What is multitasking?
In the world of work, multitasking is the ability to undertake more than two different tasks at the same time during the stipulated work hours. Multitaskers are expected to attain the KPIs set up for each role efficiently and effectively. The 21st century business managers who wish to cut labour costs are now developing strategies where specialisation is constantly challenged and replaced with individuals who can take 2 or more roles. For example, today’s workplace has accountants who double up as administrators, human resource executives who also take up pay rolling, sales executives who are accounts managers as well as customer relationship executives, secretaries who are also Personal Assistants, receptionists, switchboard operators and customer cares.

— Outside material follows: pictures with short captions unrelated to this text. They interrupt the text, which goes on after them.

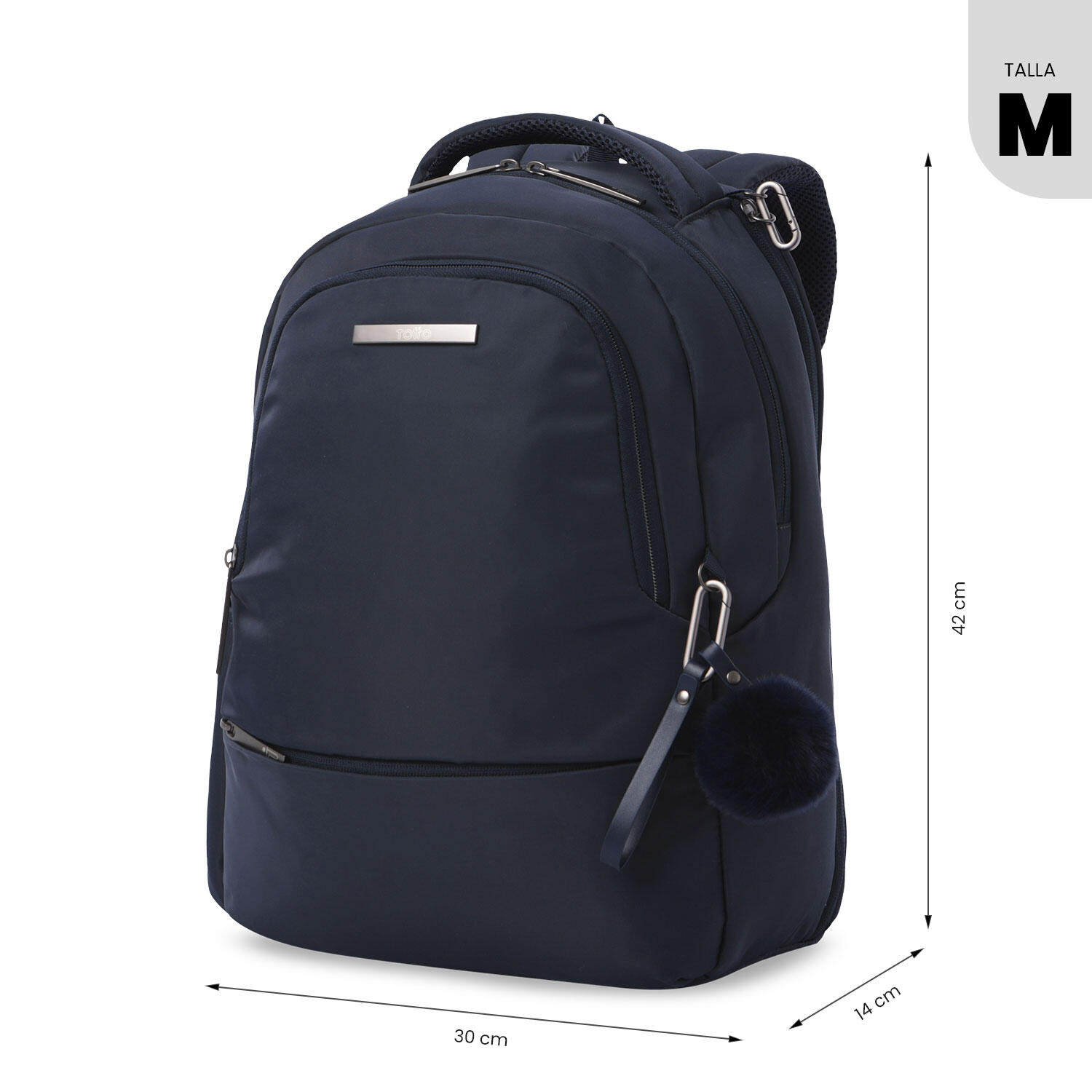 Totto Mochila ejecutiva Adelaide 2 2.0 Salute Poliéster 30 x 42 x 14 cm 3/5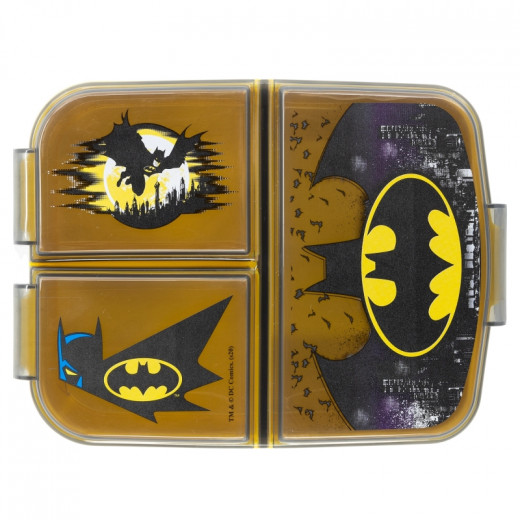 Stor Multi Compartment Lunch Box, Batman Design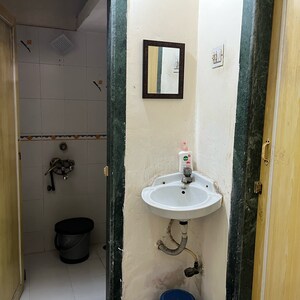 Bathroom in 1 BHK Apartment at Shiv Swastik CHS Sanpada, Sanpada Sector 1 – for Sale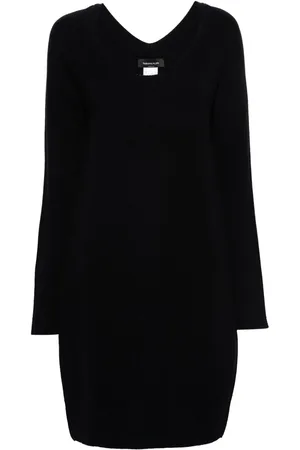 Fabiana Filippi Long-sleeve knitted dress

Today’s managers are much focused in employing jugglers in the name of multitasking to optimise performance. Most businesses have evidenced elevated labour costs devoid of the expected profits, increased productions and competitiveness in their industry segments, thus a revolutionary approach in diversifying its human resource must be invented. A good juggler who can switch on and switch off from one task to the other is most preferred by today’s managers. Performing different unrelated duties in quick succession is no mean feat for any individual, genius or otherwise. Which is why jugglers are well remunerated and rewarded to keep their unusual excitement high. Indeed, a smart design for a juggler enhances employee productivity when the different tasks are not over-competing for attention. However, this is still tricky, and managers should ensure they train the employees on how to prioritise activities when multitasking to ensure that core and urgent activities are dealt with before embarking on other activities. Multitaskers flourish in environments where; a task does not need full attention of worker, the worker is trained on how to multitask to lower burnouts and fatigue, the worker’s brain capacity to alter cognitive processes and still maintain sanity is sound. An effective multitasker understands that it is possible to juggle and develop an impeccable attitude towards huge workloads submitting it within the set timelines and without major logistical mistakes.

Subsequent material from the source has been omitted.